米国時間の12月3日、Facebookは、同社の広告製品マーケティング担当副社長のGraham Mudd(グラハム・マッド)氏が「差別を削減し排除するための取り組みにおける次のマイルストーン」と表現したことの内容について発表した。

1つ目は、こうしたルールの適用をFacebook Ad Managerだけでなく、誰かがFacebook上の広告を購入する可能性のある他のすべての場所にも拡げていること。つまり、Ads Managerアプリ、Instagram Promote、Facebook Pages上の広告作成ツール、サードパーティの広告購入ツールが利用するFacebook Marketing APIなどだ。

2つ目に、当初は政治的な虚報に対する懸念に対処するために作成した、検索可能な広告ライブラリを拡大して米国内のユーザーをターゲットにした住宅広告も対象となるようにした。

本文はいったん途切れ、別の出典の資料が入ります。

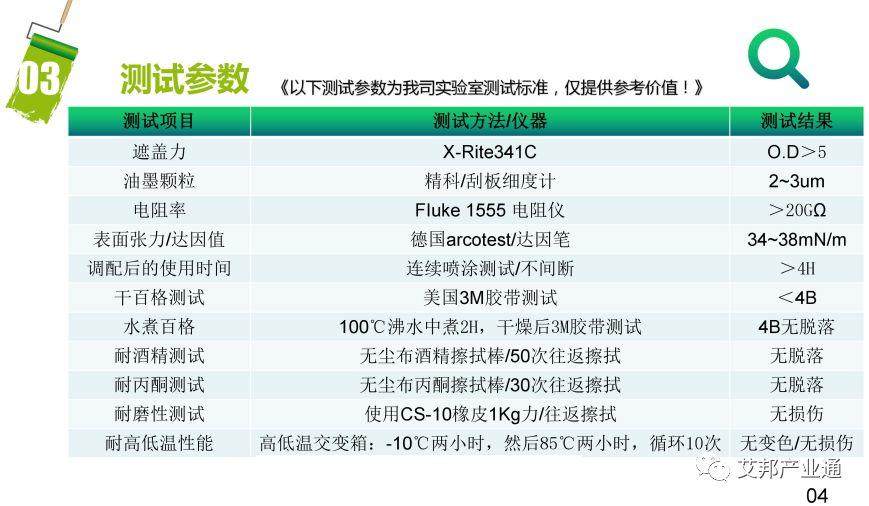 一文看懂3D玻璃黄光制程及曝光显影油墨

その結果、もし規制当局や公民権団体、ジャーナリスト、その他だれでも、企業が実際にどのようにFacebookを利用して住宅販売の広告を出しているのかを確認したければ、アーカイブを確認できるようになった。これに関するライブラリは、米国時間12月4日以降に広告のアーカイブを開始する。Facebookによれば、いずれは求人や貸付の広告も含める予定だという。

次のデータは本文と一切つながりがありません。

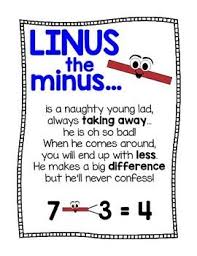 Gus The Plus Linus The Minus Math School Kindergarten Math Activities Math Lessons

マッド氏は、広告主が新しいルールの中でどのように仕事を進めるべきかを理解するのを、Facebookとして手助けしているとも語っている。またこれを、差別と戦うための「正しいトレードオフ」であると表現する一方で、年齢や性別に基づいたターゲティングを使用しながら「非常に合理的かつ合法的な非差別的広告手法」がこれまでもあったし、今もあることを示唆している。

また現状では、広告主は「こうした制約を考慮した上で、プラットフォームの使い方を再学習しなければならない」とも述べた。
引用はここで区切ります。